Universality of very low frequency signals behind tremors, explained by a stochastic model

Abstract:

We detected and located tectonic tremors in subduction zones such as Western Japan, Cascadia, Mexico, Chile, New Zealand, and Taiwan, and along the San Andreas Fault. Behind short-period (> 1Hz) seismic signals recognized as tremors, we often detect very low frequency (VLF) seismic waves in 0.02-0.05 Hz. At frequencies between these two bands, microseism noise hinders detecting any signals from deep sources. By stacking broadband seismograms relative to tremor timing, VLF signals are successfully recovered for many regions, as long as noise level is sufficiently low. These signals are useful to constrain the focal mechanism of deformation associated with tremors.
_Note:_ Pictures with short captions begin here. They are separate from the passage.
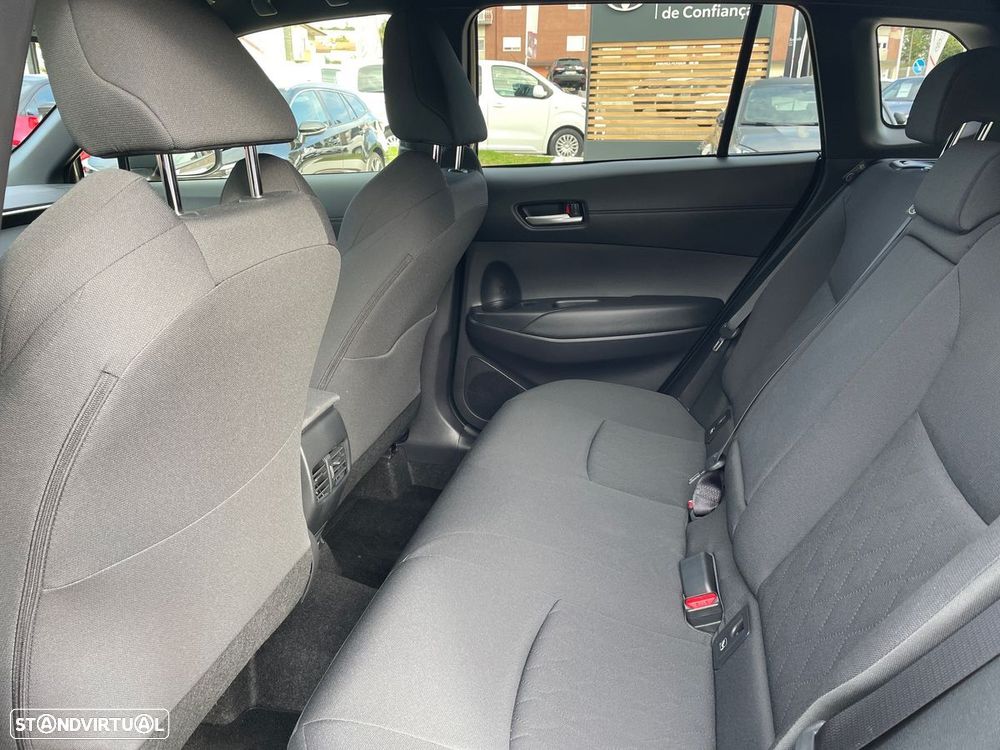 Toyota Corolla Cross 1.8 Hybrid Luxury - 11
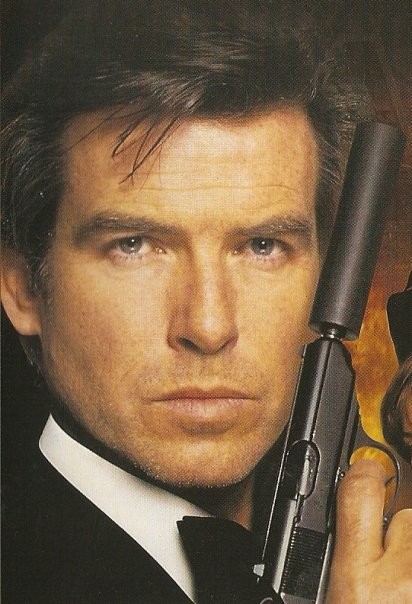 Pierce Brosnan Fotoğrafı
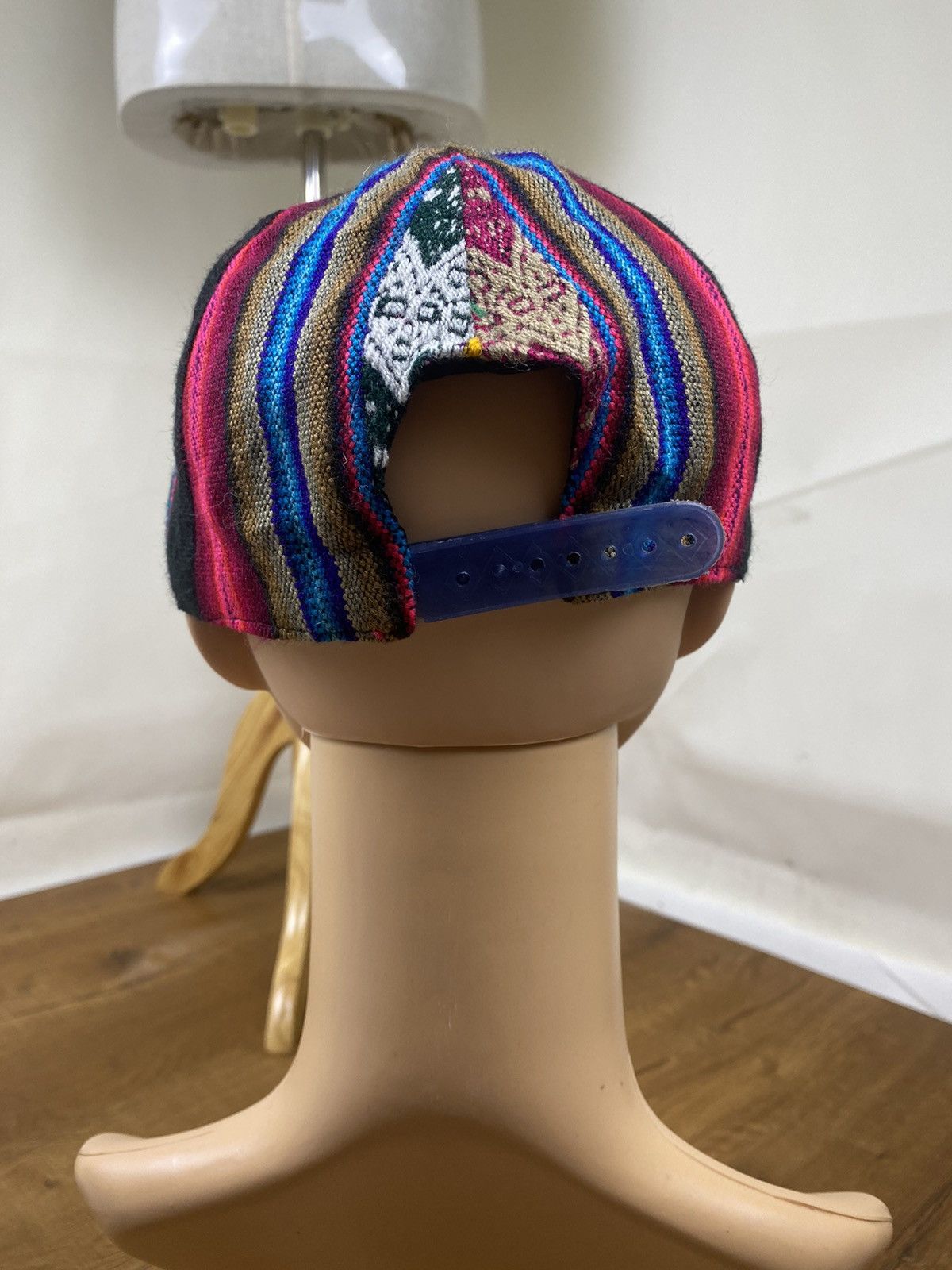 Japanese Brand Hat inspired by Coogi Design Size ONE SIZE - 4 Thumbnail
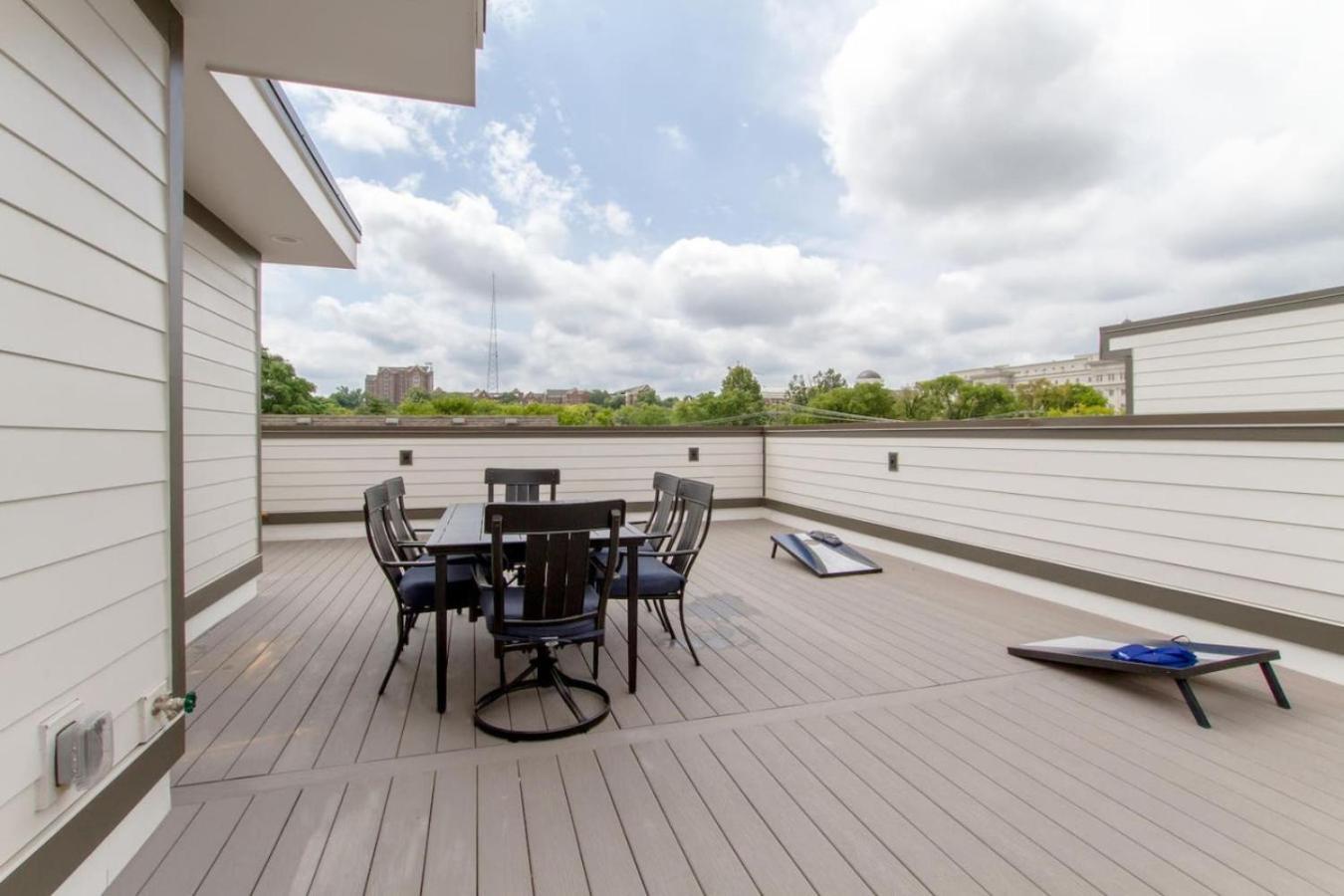 Dual Homes Gulch Superstars Epic Rooftop Nashville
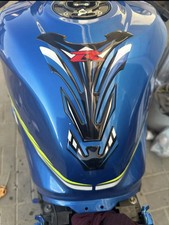 Suzuki Gsxr Tank Pad Protector Sticker for Suzuki GSXR 1000 750 600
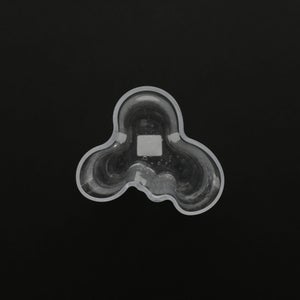 Aalto ベース201mm バブル クリア 0061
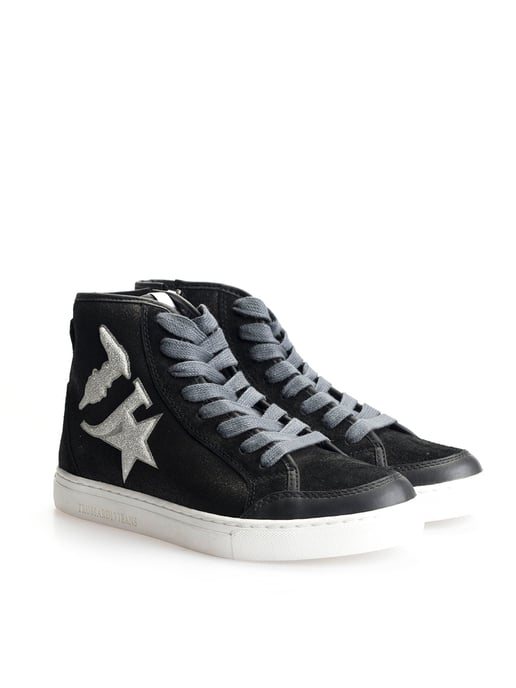 Trussardi Jeans Sneakers Vrouw zwart - Image 2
Generally the focal mechanisms are consistent with the direction of regional plate motion, suggesting that these represent shear slip on the plate interface. For example, the focal mechanism of tremors in Taiwan has not been constrained well, but the VLF focal mechanism shows a low angle thrust deformation.

The universality of VLF signals behind tremors confirms the hypothesis that these phenomena are observable parts of shear deformation at least between 0.02 and 10 Hz. We may call this broadband deformation as slow earthquakes. The moment rate function and spectrum of slow earthquakes are simulated by a simple Brownian-walk stochastic model with a characteristic time constant. This constant controls the detectability of tremor and VLF signals, and only slow deformation without seismic signals would be found when the constant is very long.